1

I am not an expert of Spark SQL API, nor of the underlying RDD one.

But, knowing of the Catalyst optimization engine, I would expect Spark to try and minimize in-memory effort.

This is my situation: I have, let's say, two table

TABLE GenericOperation (ID, CommonFields...)
TABLE SpecificOperation (OperationID, SpecificFields...)

They are both quite huge (~500M, not big data, but unfeasible to have as a whole in memory in a standard application server)

That said, suppose I have to retrieve using Spark (part of a larger use case) all the SpecificOperation instances that match some particular condition on fields that belong to GenericOperation.

This is the code that I am using:

val gOps = spark.read.jdbc(db.connection, "GenericOperation", db.properties)
val sOps = spark.read.jdbc(db.connection, "SpecificOperation", db.properties)
val joined = sOps.join(gOps).where("ID = OperationID")
joined.where("CommonField= 'SomeValue'").select("SpecificField").show()

Problem is, when it comes to run the above, I can see from SQL Profiler that Spark does not execute the join on the database, but rather retrieves all the OperationID from SpecificOperation, and then I assume it will be running all the merge in memory.
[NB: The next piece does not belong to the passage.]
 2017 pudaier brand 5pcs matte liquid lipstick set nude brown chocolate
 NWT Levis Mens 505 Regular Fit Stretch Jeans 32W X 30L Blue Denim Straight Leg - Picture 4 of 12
Since no filter is applicable on SpecificOperation, such retrieve would bring a lot, too much, data to the end system.

Is it possible to write the above so that the join is demanded directly to dbms? Or it depends on some magic configuration of Spark I am not aware of?

Of course, I could simply hardcode the join as a subquery when retrieving, but that's not feasible in my case: statements hve to be created at runtime starting from simple building blocks. Hence, I need to implement this starting from two spark.sql.DataFrame already built up

As a side note, I am running this with Spark 2.3.0 for Scala 2.11, against a SQL Server 2016 database instance.

marc_s
  • 732,580
  • 175
  • 1,330
  • 1,459
  • Possible duplicate of [In Apache Spark 2.0.0, is it possible to fetch a query from an external database (rather than grab the whole table)?](https://stackoverflow.com/questions/38729436/in-apache-spark-2-0-0-is-it-possible-to-fetch-a-query-from-an-external-database) – Alper t. Turker Jun 05 '18 at 17:33
  • Not quite, but thank you for the suggest. I edited the question to disambiguate: in my case I can't act upon the logic prior to the join – Simone Colucci Jun 05 '18 at 17:52
  • I dont think it will work that way. You can push the query to the database with spark.read.jdbc(query) – loneStar Jun 05 '18 at 19:31

1 Answers1

1

Is it possible to write the above so that the join is demanded directly to dbms? Or it depends on some magic configuration of Spark I am not aware of?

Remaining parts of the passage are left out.